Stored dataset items
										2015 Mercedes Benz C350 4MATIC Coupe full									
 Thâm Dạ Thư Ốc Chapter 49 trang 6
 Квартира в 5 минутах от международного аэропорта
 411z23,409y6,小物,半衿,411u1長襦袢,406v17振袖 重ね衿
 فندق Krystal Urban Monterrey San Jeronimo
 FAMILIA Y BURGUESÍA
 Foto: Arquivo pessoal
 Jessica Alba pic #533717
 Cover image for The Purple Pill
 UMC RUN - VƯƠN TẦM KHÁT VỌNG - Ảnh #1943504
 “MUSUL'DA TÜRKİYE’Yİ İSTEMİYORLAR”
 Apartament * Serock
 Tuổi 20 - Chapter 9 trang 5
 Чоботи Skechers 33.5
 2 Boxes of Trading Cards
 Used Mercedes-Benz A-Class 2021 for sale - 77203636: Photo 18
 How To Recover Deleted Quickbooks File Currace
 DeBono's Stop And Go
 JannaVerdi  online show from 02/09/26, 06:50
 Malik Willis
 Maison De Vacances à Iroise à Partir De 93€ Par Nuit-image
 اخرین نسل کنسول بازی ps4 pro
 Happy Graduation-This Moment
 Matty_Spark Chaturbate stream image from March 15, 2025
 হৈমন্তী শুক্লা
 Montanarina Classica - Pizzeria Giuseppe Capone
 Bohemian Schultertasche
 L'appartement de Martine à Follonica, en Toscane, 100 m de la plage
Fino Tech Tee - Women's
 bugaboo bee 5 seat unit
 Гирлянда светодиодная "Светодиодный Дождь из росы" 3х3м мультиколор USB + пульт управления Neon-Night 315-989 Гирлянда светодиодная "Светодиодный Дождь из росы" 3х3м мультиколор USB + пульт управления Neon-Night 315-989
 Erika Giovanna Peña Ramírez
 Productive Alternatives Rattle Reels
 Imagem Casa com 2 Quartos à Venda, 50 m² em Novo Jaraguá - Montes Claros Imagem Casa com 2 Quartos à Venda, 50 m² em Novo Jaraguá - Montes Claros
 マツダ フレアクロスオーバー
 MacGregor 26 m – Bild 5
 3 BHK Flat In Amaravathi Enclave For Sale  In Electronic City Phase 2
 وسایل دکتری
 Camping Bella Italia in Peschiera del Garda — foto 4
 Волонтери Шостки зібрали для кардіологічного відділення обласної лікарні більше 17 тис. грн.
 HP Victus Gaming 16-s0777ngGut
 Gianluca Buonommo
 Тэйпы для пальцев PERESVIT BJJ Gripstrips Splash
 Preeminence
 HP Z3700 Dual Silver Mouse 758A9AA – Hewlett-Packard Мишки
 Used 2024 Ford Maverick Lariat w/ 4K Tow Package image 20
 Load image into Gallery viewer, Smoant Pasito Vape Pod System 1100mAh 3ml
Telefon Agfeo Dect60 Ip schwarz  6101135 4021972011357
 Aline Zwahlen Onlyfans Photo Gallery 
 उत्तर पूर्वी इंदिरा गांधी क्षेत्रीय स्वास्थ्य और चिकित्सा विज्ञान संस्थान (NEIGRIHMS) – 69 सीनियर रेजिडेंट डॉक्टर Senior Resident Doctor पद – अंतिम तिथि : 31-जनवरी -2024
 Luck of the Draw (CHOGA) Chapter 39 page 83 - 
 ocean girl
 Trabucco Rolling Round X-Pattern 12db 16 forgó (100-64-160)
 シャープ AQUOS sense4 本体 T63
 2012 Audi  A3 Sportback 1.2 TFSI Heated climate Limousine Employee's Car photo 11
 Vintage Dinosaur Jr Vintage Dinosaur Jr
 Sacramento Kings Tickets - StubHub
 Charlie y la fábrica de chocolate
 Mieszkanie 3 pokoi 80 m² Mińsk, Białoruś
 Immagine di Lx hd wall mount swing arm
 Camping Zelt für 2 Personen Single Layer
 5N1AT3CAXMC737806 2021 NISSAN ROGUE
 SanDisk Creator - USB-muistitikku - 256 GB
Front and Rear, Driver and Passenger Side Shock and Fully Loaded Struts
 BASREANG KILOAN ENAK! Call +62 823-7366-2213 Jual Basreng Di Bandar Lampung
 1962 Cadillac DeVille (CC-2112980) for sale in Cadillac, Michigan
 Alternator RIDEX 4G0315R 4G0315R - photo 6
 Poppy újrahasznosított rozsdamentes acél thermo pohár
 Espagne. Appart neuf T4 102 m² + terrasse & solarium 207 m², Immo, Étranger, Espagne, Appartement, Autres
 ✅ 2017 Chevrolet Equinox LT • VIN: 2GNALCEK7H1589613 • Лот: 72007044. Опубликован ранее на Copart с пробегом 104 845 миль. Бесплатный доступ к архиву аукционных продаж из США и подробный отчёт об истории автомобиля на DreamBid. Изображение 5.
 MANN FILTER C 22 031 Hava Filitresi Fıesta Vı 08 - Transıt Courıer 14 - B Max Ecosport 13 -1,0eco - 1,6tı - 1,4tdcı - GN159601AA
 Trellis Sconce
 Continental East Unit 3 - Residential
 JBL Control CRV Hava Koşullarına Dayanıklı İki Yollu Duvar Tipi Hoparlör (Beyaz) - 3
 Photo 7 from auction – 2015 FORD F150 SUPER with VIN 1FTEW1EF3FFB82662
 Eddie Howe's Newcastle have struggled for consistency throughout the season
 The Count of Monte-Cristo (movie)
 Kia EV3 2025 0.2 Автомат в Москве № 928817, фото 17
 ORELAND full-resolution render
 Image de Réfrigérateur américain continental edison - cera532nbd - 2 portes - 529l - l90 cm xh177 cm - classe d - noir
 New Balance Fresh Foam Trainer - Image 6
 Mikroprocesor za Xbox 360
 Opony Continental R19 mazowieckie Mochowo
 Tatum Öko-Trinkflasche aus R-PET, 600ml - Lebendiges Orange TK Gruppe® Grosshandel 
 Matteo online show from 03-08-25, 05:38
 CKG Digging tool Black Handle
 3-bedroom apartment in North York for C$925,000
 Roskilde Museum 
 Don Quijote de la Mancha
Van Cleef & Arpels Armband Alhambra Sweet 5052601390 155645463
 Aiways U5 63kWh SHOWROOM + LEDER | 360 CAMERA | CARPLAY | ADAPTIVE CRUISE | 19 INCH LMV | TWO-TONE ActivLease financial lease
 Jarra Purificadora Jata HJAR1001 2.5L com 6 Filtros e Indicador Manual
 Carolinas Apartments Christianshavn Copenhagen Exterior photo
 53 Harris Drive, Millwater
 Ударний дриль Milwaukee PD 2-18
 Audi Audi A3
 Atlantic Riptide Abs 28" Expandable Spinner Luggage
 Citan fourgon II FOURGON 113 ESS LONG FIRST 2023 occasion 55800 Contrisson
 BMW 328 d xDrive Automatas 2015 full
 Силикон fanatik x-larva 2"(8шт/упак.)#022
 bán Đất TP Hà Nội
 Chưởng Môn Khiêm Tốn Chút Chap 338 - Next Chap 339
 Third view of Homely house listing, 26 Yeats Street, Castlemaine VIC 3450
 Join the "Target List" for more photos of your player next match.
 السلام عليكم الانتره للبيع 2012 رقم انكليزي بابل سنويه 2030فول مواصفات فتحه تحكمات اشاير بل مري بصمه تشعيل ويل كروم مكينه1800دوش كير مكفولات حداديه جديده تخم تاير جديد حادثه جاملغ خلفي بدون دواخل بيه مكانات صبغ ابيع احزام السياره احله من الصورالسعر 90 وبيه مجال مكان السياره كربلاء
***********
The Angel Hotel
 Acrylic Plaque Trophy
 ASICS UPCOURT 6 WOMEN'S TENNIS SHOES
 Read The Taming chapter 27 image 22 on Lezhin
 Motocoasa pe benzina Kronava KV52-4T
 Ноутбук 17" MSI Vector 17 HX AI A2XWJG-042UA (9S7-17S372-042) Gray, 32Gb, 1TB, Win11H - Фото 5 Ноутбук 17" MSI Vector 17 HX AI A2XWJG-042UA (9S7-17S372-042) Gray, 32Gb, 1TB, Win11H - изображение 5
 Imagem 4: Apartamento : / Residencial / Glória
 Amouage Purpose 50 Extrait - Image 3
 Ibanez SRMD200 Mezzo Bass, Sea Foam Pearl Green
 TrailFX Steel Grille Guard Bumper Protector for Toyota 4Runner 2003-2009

--- REQUIRED ACTION ---
From the records above, transcribe exactly the run of lines that opens with the line holding "MacGregor 26 m – Bild 5" and closes with the line holding "SanDisk Creator - USB-muistitikku - 256 GB", both included.

--- EXERCISE SOLUTION ---
 MacGregor 26 m – Bild 5
 3 BHK Flat In Amaravathi Enclave For Sale  In Electronic City Phase 2
 وسایل دکتری
 Camping Bella Italia in Peschiera del Garda — foto 4
 Волонтери Шостки зібрали для кардіологічного відділення обласної лікарні більше 17 тис. грн.
 HP Victus Gaming 16-s0777ngGut
 Gianluca Buonommo
 Тэйпы для пальцев PERESVIT BJJ Gripstrips Splash
 Preeminence
 HP Z3700 Dual Silver Mouse 758A9AA – Hewlett-Packard Мишки
 Used 2024 Ford Maverick Lariat w/ 4K Tow Package image 20
 Load image into Gallery viewer, Smoant Pasito Vape Pod System 1100mAh 3ml
Telefon Agfeo Dect60 Ip schwarz  6101135 4021972011357
 Aline Zwahlen Onlyfans Photo Gallery 
 उत्तर पूर्वी इंदिरा गांधी क्षेत्रीय स्वास्थ्य और चिकित्सा विज्ञान संस्थान (NEIGRIHMS) – 69 सीनियर रेजिडेंट डॉक्टर Senior Resident Doctor पद – अंतिम तिथि : 31-जनवरी -2024
 Luck of the Draw (CHOGA) Chapter 39 page 83 - 
 ocean girl
 Trabucco Rolling Round X-Pattern 12db 16 forgó (100-64-160)
 シャープ AQUOS sense4 本体 T63
 2012 Audi  A3 Sportback 1.2 TFSI Heated climate Limousine Employee's Car photo 11
 Vintage Dinosaur Jr Vintage Dinosaur Jr
 Sacramento Kings Tickets - StubHub
 Charlie y la fábrica de chocolate
 Mieszkanie 3 pokoi 80 m² Mińsk, Białoruś
 Immagine di Lx hd wall mount swing arm
 Camping Zelt für 2 Personen Single Layer
 5N1AT3CAXMC737806 2021 NISSAN ROGUE
 SanDisk Creator - USB-muistitikku - 256 GB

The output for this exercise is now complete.